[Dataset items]
╭──
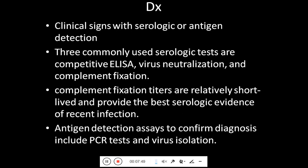Coming towards diagnosis, this is based on clinical signs combined with serological and antigen detection. The three commonly used serological tests are competitive ELISA, virus neutralization and complement fixation. Complement fixation titers are relatively short-lived and provide the best serological evidence of recent infection. Antigen detection assays to confirm the diagnosis include PCR testing and virus isolation.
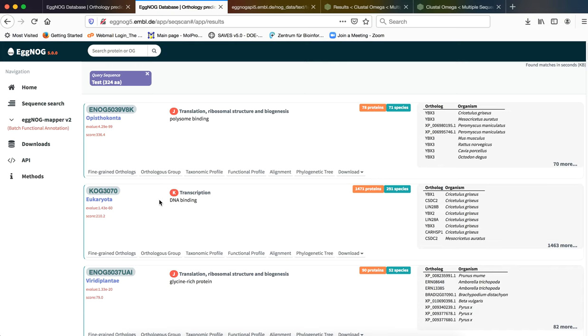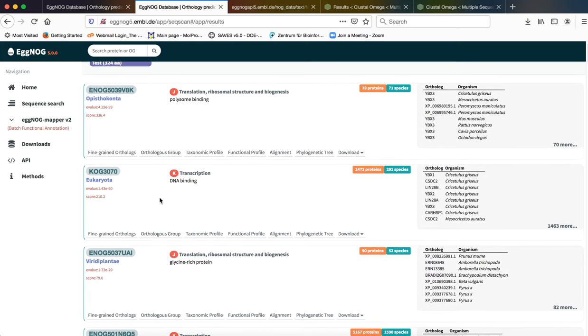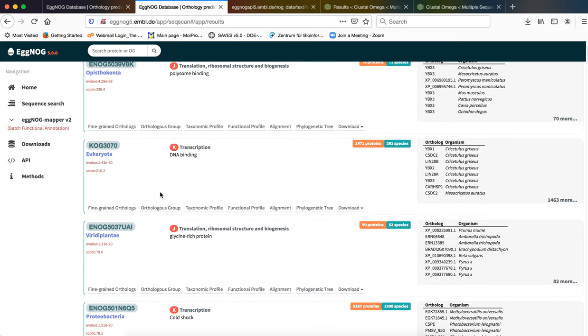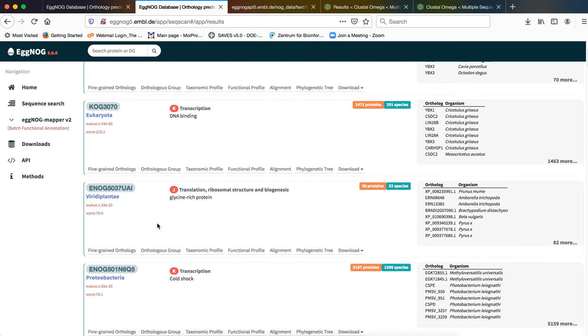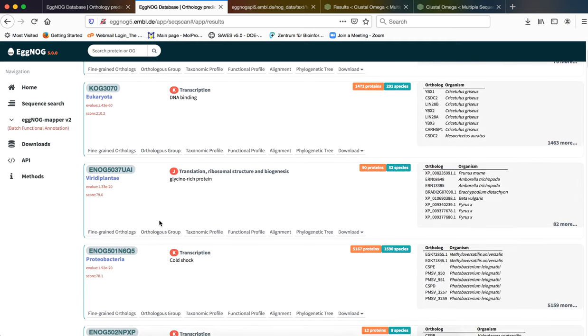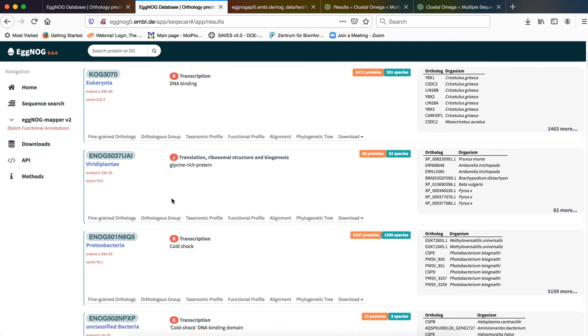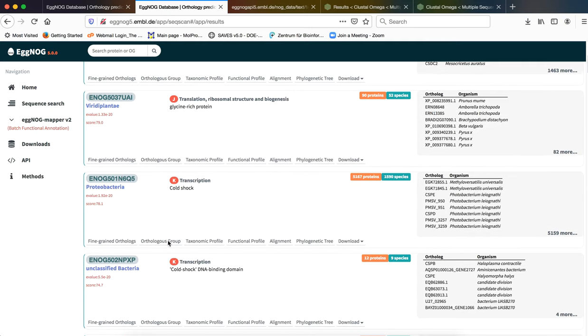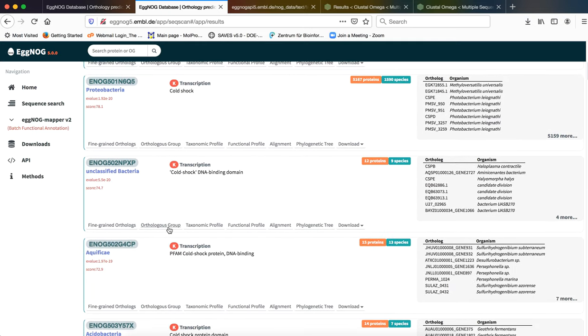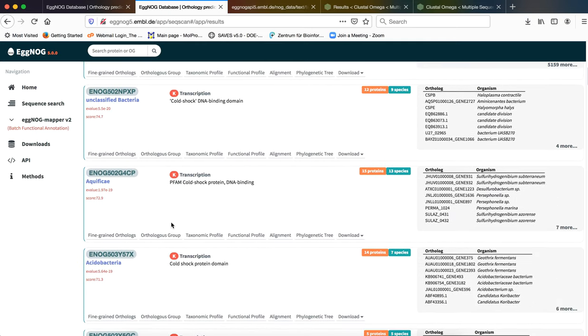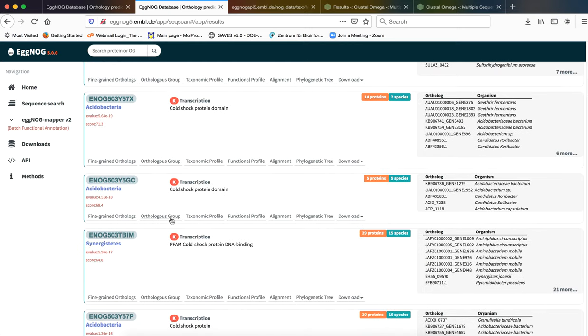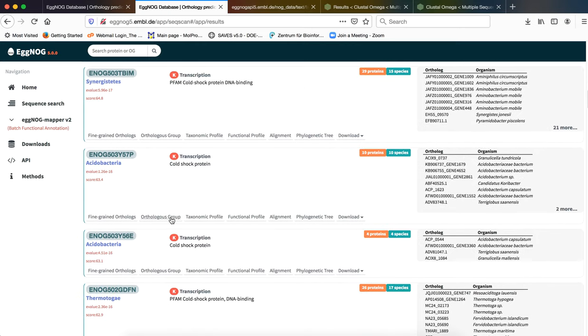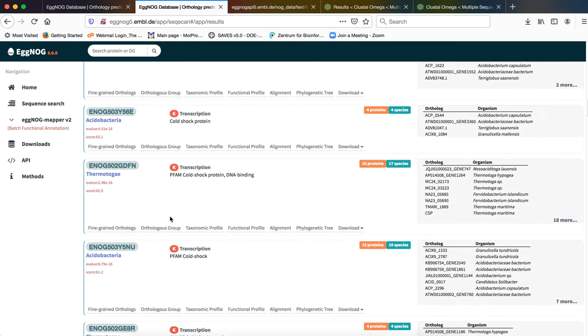If you go down further, you will find there are instances from Eukaryota as a whole, Viridiplantae which is the plant segment, Proteobacteria, unclassified bacteria, actinofeces, acidobacteria, so on and so forth.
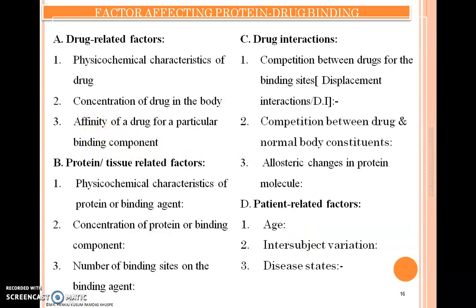The second factor is protein or tissue-related factors, which covers various factors related to the protein or tissue of the human body that affect protein-drug binding. These include: first, the physicochemical characteristics of the protein or binding agent; second, the concentration of protein or binding components; and third, the number of binding sites on the binding agent.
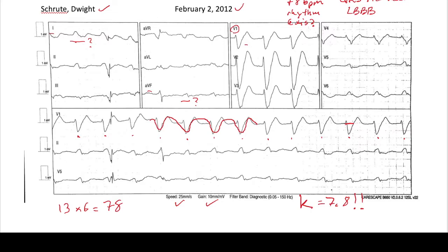In hyperkalemia, you can also see peaked T waves, and patients can also develop AV blocks. So this is a patient with a potassium of 7.8 who is starting to develop sine waves.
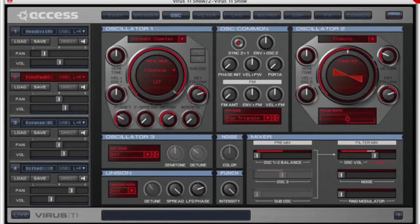This is a video about controlling your Virus synth from software. For years almost everybody that has a Virus uses VirusControl, which is software made by Access in Germany.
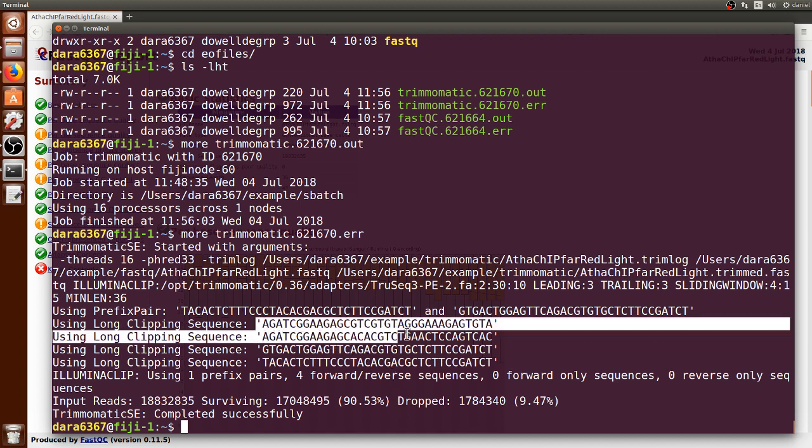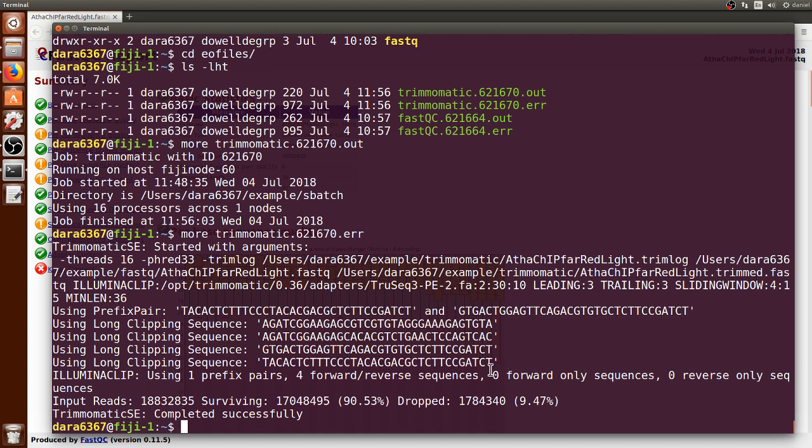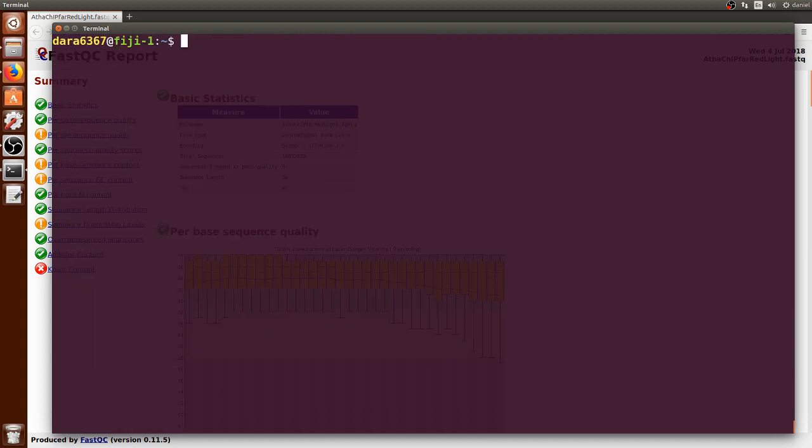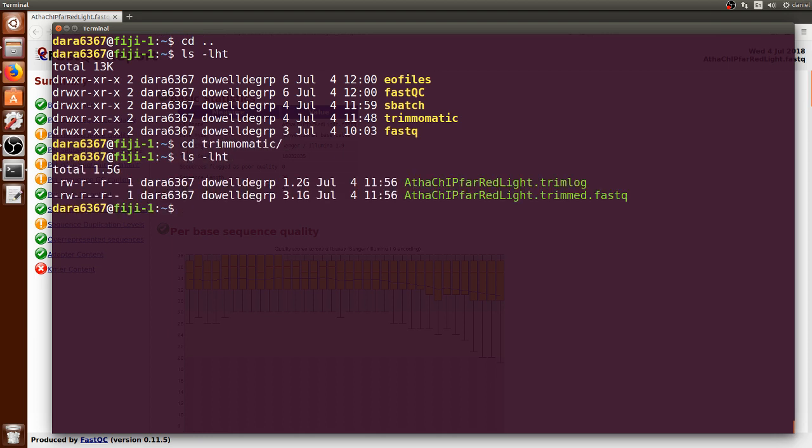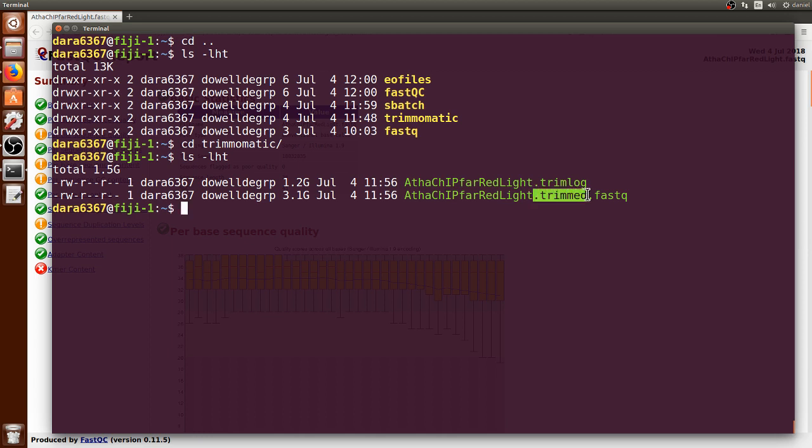So that's good, that's essentially what we wanted Trimmomatic to do, to remove bad sequences. We can now clear the screen first. If we go up one directory and we list it, and we can go to the new Trimmomatic folder and see that it contains two new files. This is a new FASTQ file that has now been trimmed and is now ready to be used for subsequent analysis or mapping to the Arabidopsis thaliana genome.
╰──
WHAT YOU ARE ASKED TO DO
Give again, exactly, the lines from the start of the data through the one holding "If you go down"; omit the pictures.

WRITTEN REPLY
Coming towards diagnosis, this is based on clinical signs combined with serological and antigen detection. The three commonly used serological tests are competitive ELISA, virus neutralization and complement fixation. Complement fixation titers are relatively short-lived and provide the best serological evidence of recent infection. Antigen detection assays to confirm the diagnosis include PCR testing and virus isolation.
If you go down further, you will find there are instances from Eukaryota as a whole, Viridiplantae which is the plant segment, Proteobacteria, unclassified bacteria, actinofeces, acidobacteria, so on and so forth.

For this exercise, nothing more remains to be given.